Juho Kim Massachusetts Institute of Technology, Cambridge, MA, USA
Phu Tran Nguyen Massachusetts Institute of Technology, Cambridge, MA, USA
Sarah Weir Massachusetts Institute of Technology, Cambridge, MA, USA
Philip J. Guo University of Rochester & Massachusetts Institute of Technology, Rochester, NY, USA
Robert C. Miller Massachusetts Institute of Technology, Cambridge, MA, USA
Krzysztof Z. Gajos Harvard University, Cambridge, MA, USA

Millions of learners today use how-to videos to master new skills in a variety of domains. But browsing such videos is often tedious and inefficient because video player interfaces are not optimized for the unique step-by-step structure of such videos. This research aims to improve the learning experience of watching existing how-to videos with step-by-step annotations.
We first performed a formative study to verify that annotations are actually useful to learners. For this study, we created ToolScape, an interactive video player that displays step descriptions and intermediate result thumbnails in the video timeline. Learners in our study performed better and gained more self-efficacy using ToolScape versus a traditional video player.
To add the necessary step annotations to existing how-to videos at scale, we introduce a novel crowdsourcing work- flow. It extracts step-by-step structure from an existing video, including step times, descriptions, and before and after images. We introduce the Find-Verify-Expand design pattern for temporal and visual annotation, which applies clustering, text processing, and visual analysis algorithms to merge crowd output. The workflow does not rely on domain-specific customization, works on top of existing videos, and recruits untrained crowd workers. We evaluated the workflow with Mechanical Turk, using 75 cooking, makeup, and Photoshop videos on YouTube. Results show that our workflow can extract steps with a quality comparable to that of trained annotators across all domains with 77% precision and 81% recall.

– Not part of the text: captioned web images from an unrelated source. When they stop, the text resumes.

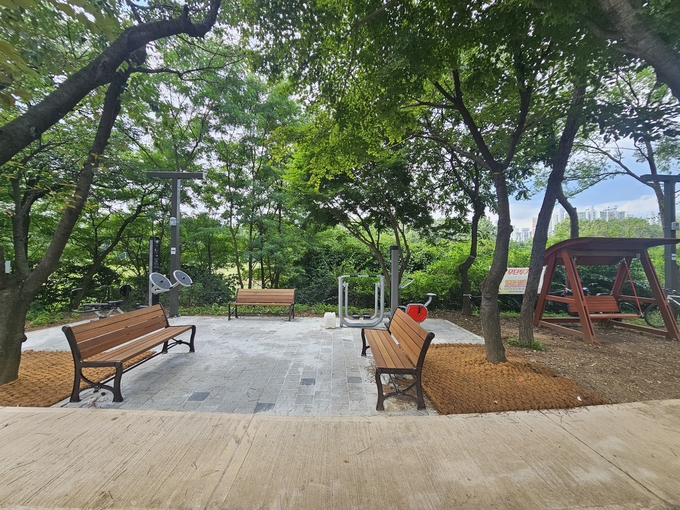남동구가 남동산단 내 승기천변 연결녹지를 산책로로 새롭게 조성해 휴게공간을 대폭 확대했다. ( 사진 = 남동구 제공 ) 
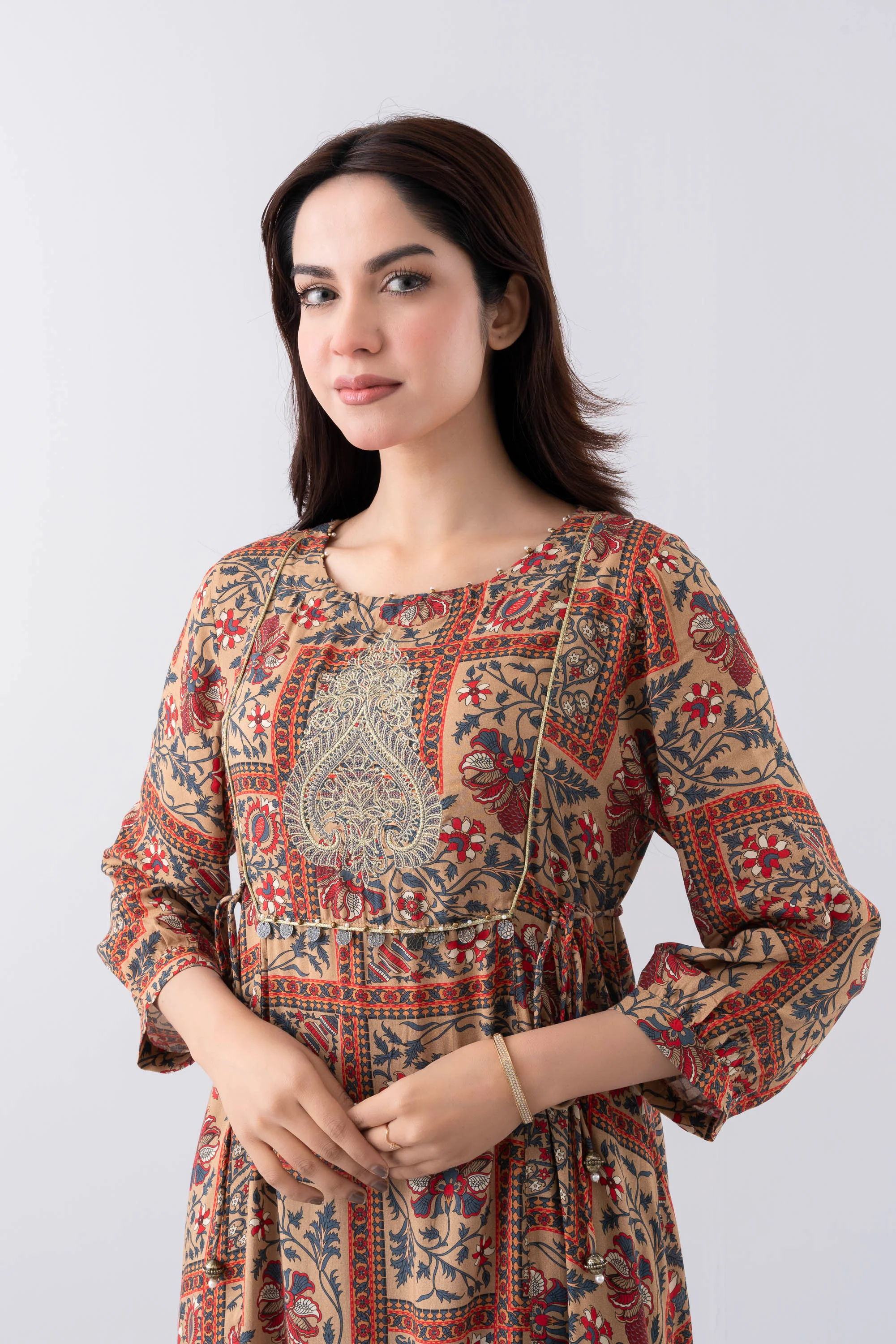 Relaxed Fit Embroidered Ethnic Kurta - Image 5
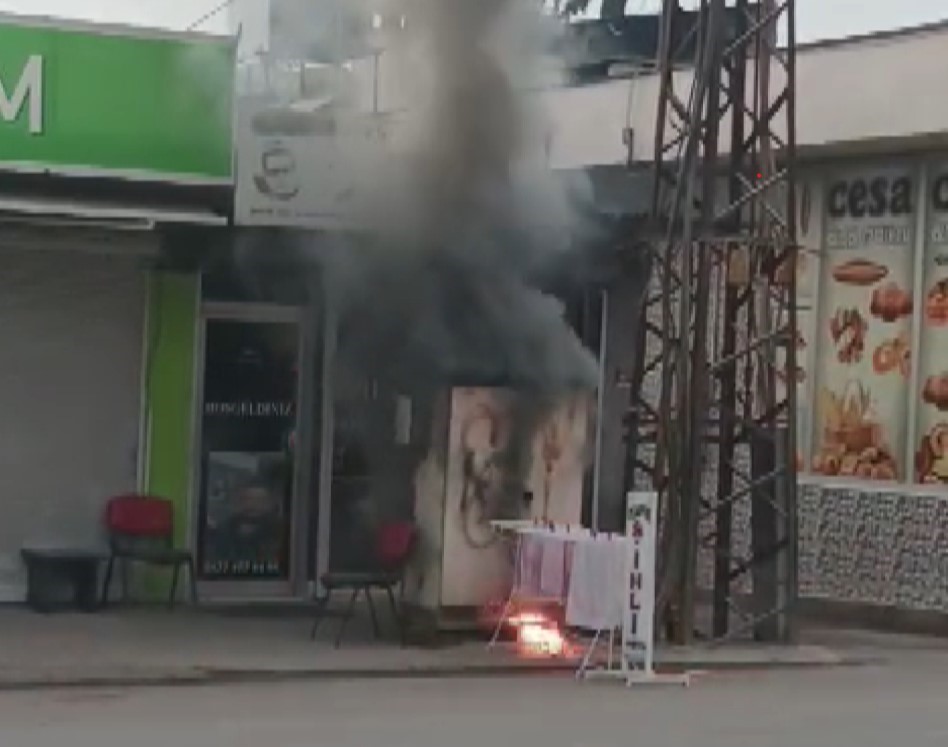 Hatay'ın Reyhanlı ilçesi Gültepe Mahallesi'nde elektrik trafosunda meydana gelen patlama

(4) Cobi: A Community-Informed Conference Scheduling Tool


[UIST '13]
Cobi: A Community-Informed Conference Scheduling Tool

Juho Kim                             Massachusetts Institute of Technology, Cambridge, MA, USA
Haoqi Zhang                     Northwestern University, Evanston, IL, USA
Paul André                     Carnegie Mellon University, Pittsburgh, PA, USA
Lydia B. Chilton             University of Washington, Seattle, WA, USA
Wendy Mackay             INRIA, Orsay, France
Michel Beaudouin-Lafon   Université Paris-Sud, Orsay, France
Robert C. Miller             Massachusetts Institute of Technology, Cambridge, MA, USA
Steven P. Dow                     Carnegie Mellon University, Pittsburgh, PA, USA

Effectively planning a large multi-track conference requires an understanding of the preferences and constraints of organizers, authors, and attendees. Traditionally, the onus of scheduling the program falls on a few dedicated organizers. Resolving conflicts becomes difficult due to the size and complexity of the schedule and the lack of insight into community members' needs and desires. Cobi presents an alternative approach to conference scheduling that engages the entire community in the planning process. Cobi comprises (a) communitysourcing applications that collect preferences, constraints, and affinity data from community members, and (b) a visual scheduling interface that combines communitysourced data and constraint-solving to enable organizers to make informed improvements to the schedule. This paper describes Cobi's scheduling tool and reports on a live deployment for planning CHI 2013, where organizers considered input from 645 authors and resolved 168 scheduling conflicts. Results show the value of integrating community input with an intelligent user interface to solve cmplex planning tasks.